O Estado produziu 352 mil suínos para abate em junho, volume 9,7% superior ao registrado no mesmo mês do ano passado. No acumulado dos seis primeiros meses de 2026, foram abatidos 1,99 milhão de animais, crescimento de 18% sobre igual período de 2025. No Brasil, o avanço foi de 2,9%, mostrando que Mato Grosso do Sul expandiu a produção em ritmo muito superior ao da média nacional.

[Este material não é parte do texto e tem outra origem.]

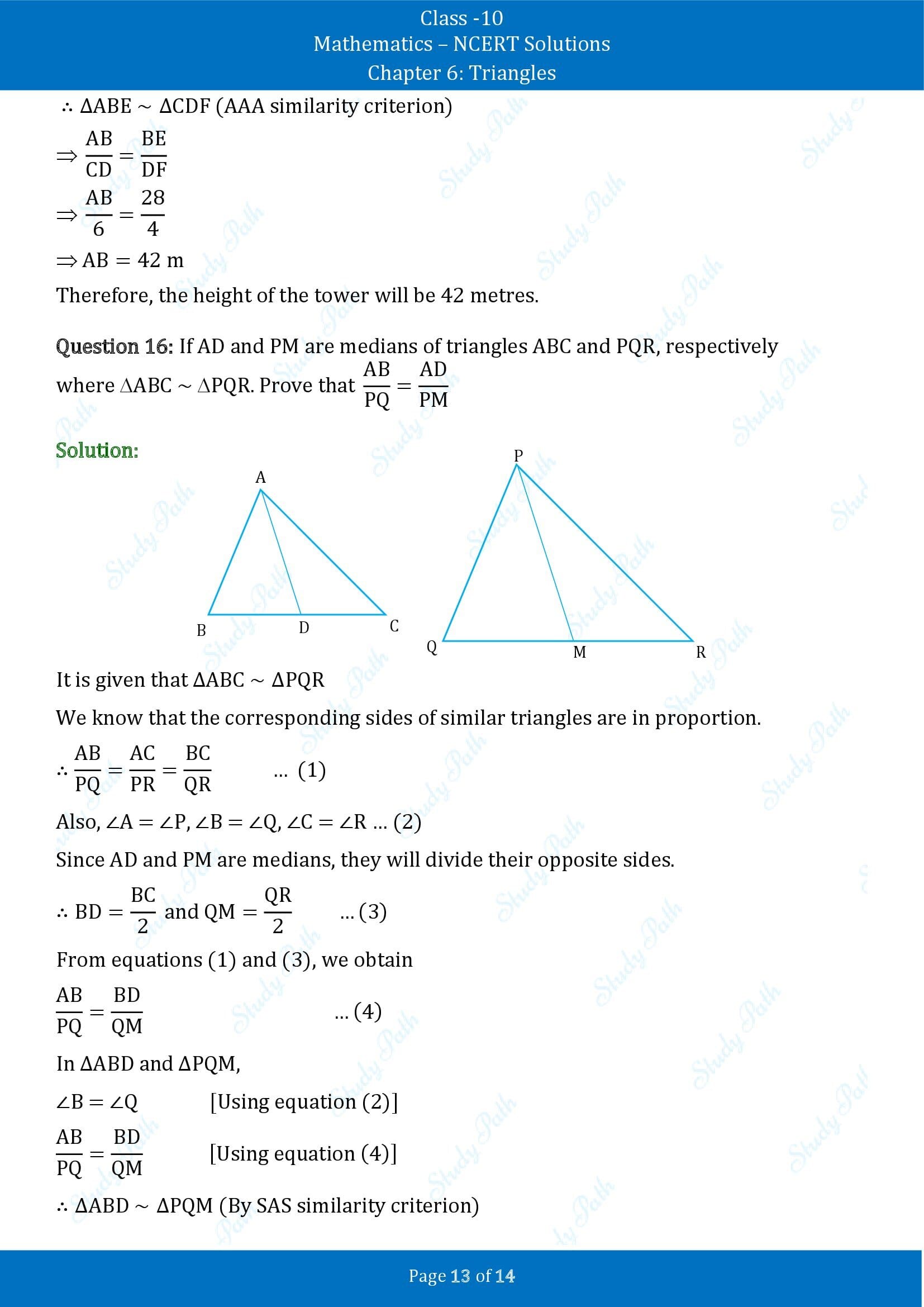 NCERT Solutions for Class 10 Maths Chapter 6 Triangles Exercise 6.3 00013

Segundo a Famasul, a maior oferta de animais em 2026 tem pressionado as cotações. Em junho, o preço médio do suíno vivo caiu 11,4% em relação a maio e fechou em R$ 5,05 por quilo. Na comparação com junho de 2025, a desvalorização chegou a 25,2%. O valor médio praticado nos seis primeiros meses deste ano também ficou 9,9% abaixo do observado no mesmo período do ano passado.
Exportações seguem em alta
Enquanto o mercado interno enfrenta pressão sobre os preços, as exportações mantêm trajetória de crescimento. Em junho, Mato Grosso do Sul embarcou 1,2 mil toneladas de carne suína in natura, que renderam US$ 3,7 milhões.
No acumulado do primeiro semestre, os embarques alcançaram 6,8 mil toneladas e receita de US$ 18,6 milhões. Em comparação com os seis primeiros meses de 2025, o volume exportado aumentou 8,5%, enquanto a receita cresceu 7,3%.
As Filipinas permaneceram como o principal destino da carne suína sul-mato-grossense, respondendo por 25,3% da receita obtida com as vendas externas e importando 2,6 mil toneladas do produto. Na sequência aparecem Argentina, com participação de 18,7%, e Hong Kong, que assumiu a terceira colocação ao ampliar em 304,2% o volume adquirido na comparação com o primeiro semestre de 2025.
Outro dado do levantamento mostra que 56,8% da carne suína exportada por Mato Grosso do Sul saiu pelo Porto de Paranaguá (PR), equivalente a 6,4 mil toneladas. O Estado respondeu por 1,5% das exportações brasileiras da proteína no primeiro semestre e ocupou a sexta posição no ranking nacional.
Relação de troca piora
Mesmo com o crescimento da produção e das exportações, a rentabilidade do produtor continua pressionada pelos preços mais baixos.
Em junho, a venda de um quilo de suíno vivo permitiu a compra de 6,08 quilos de milho ou 2,59 quilos de farelo de soja. Na comparação com junho de 2025, a relação de troca piorou 20,3% frente ao milho e 25,2% em relação ao farelo de soja, indicando perda do poder de compra do suinocultor diante dos principais insumos utilizados na alimentação dos animais.